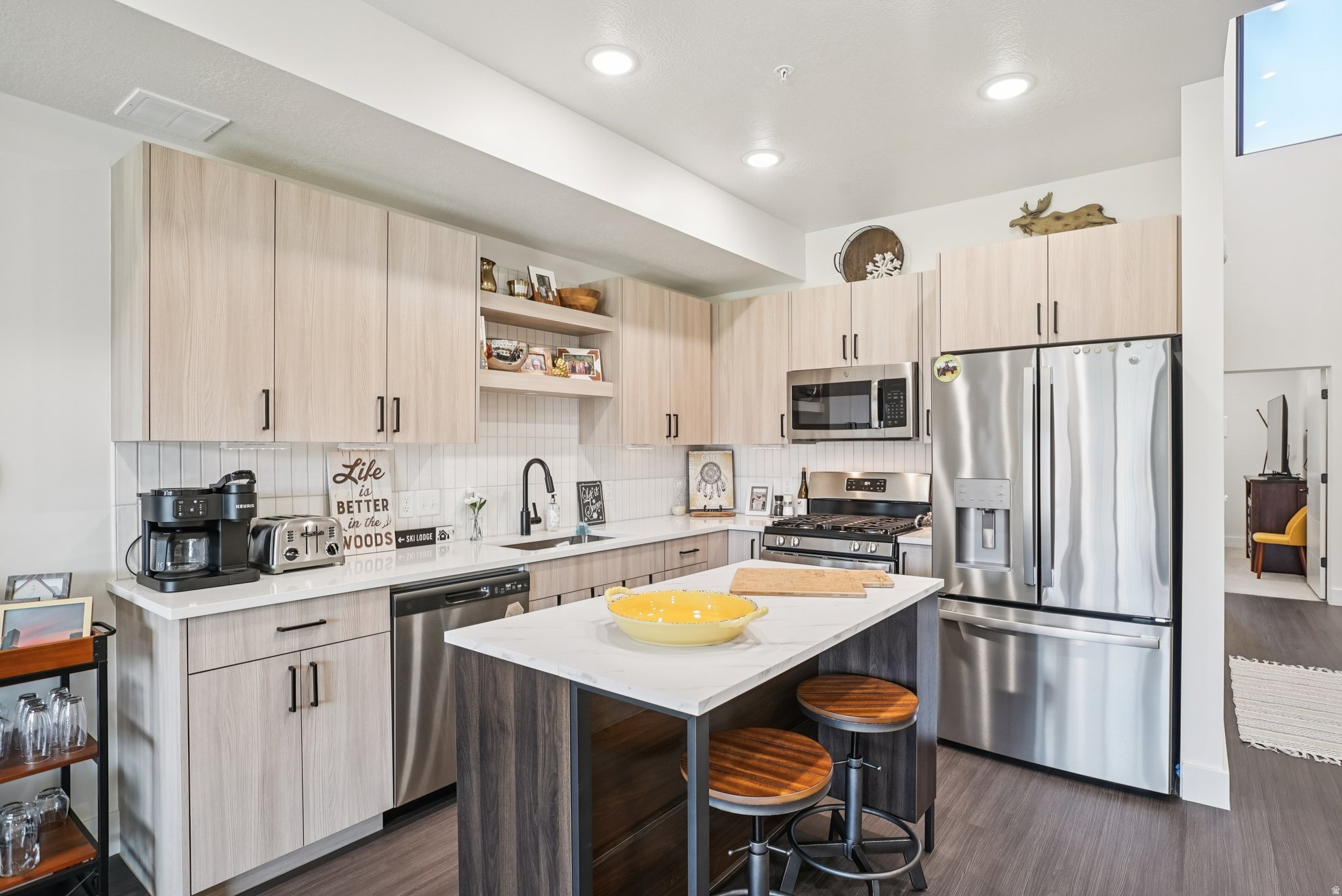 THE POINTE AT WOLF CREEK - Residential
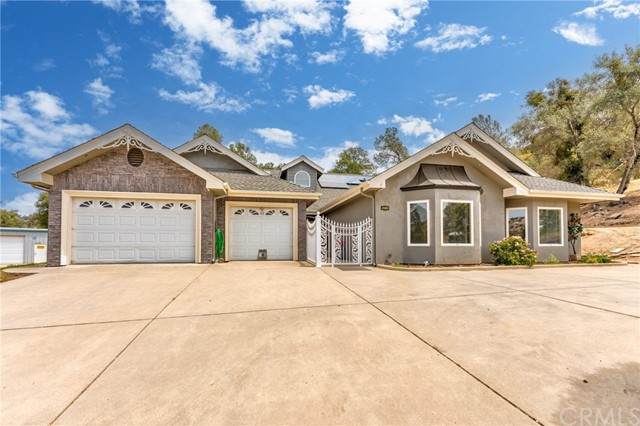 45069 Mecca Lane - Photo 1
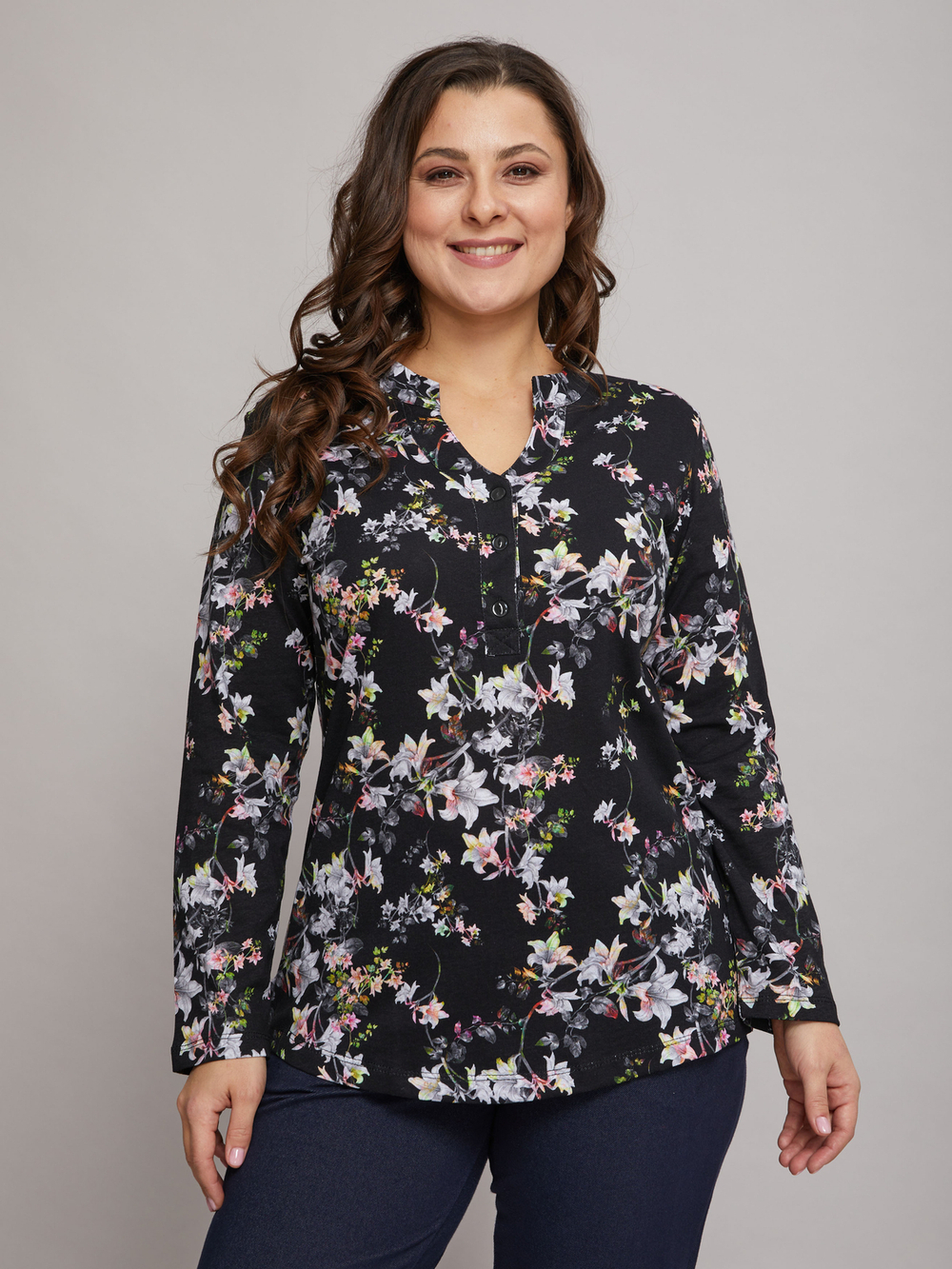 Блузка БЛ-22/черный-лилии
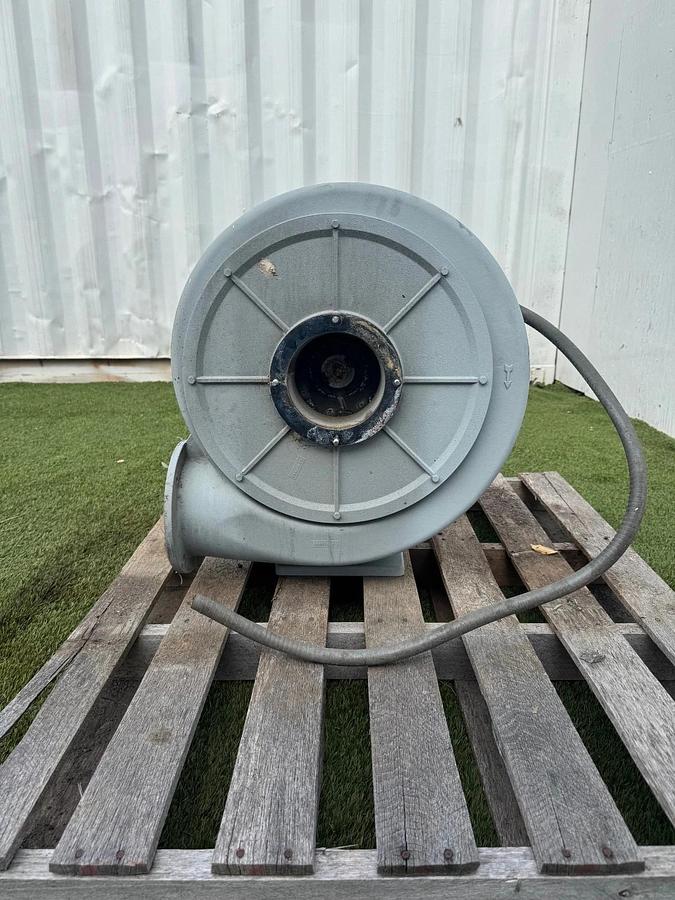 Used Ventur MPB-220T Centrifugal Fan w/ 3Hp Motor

...

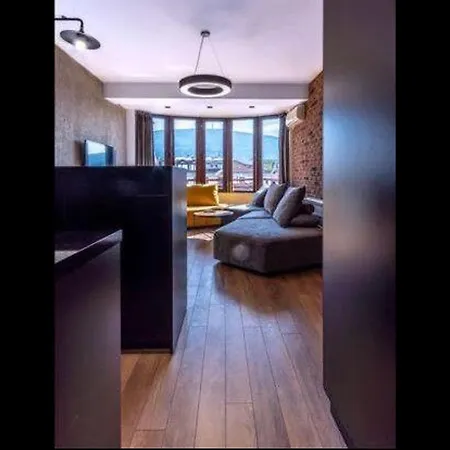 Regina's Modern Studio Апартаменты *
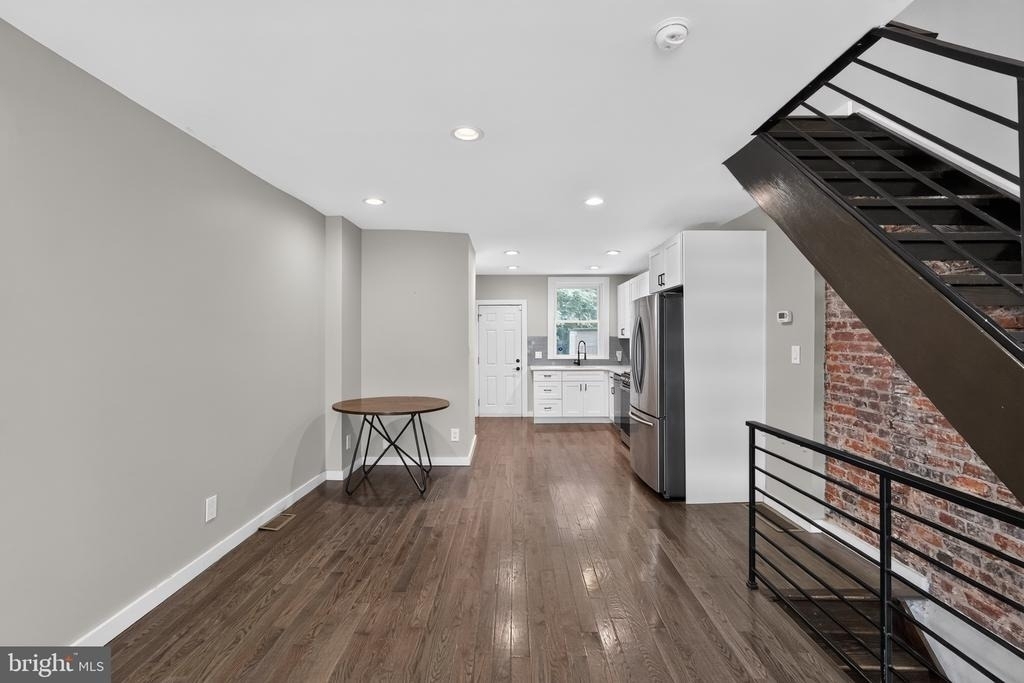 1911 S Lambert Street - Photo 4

_WHAT IS BEING ASKED:_ In the entries above, which lines run from the one with "THE POINTE AT WOLF CREEK - Residential" up to and including the one with "Used Ventur MPB-220T"? Write them out exactly, without the pictures.

_OUTPUT:_
 THE POINTE AT WOLF CREEK - Residential
 45069 Mecca Lane - Photo 1
 Блузка БЛ-22/черный-лилии
 Used Ventur MPB-220T Centrifugal Fan w/ 3Hp Motor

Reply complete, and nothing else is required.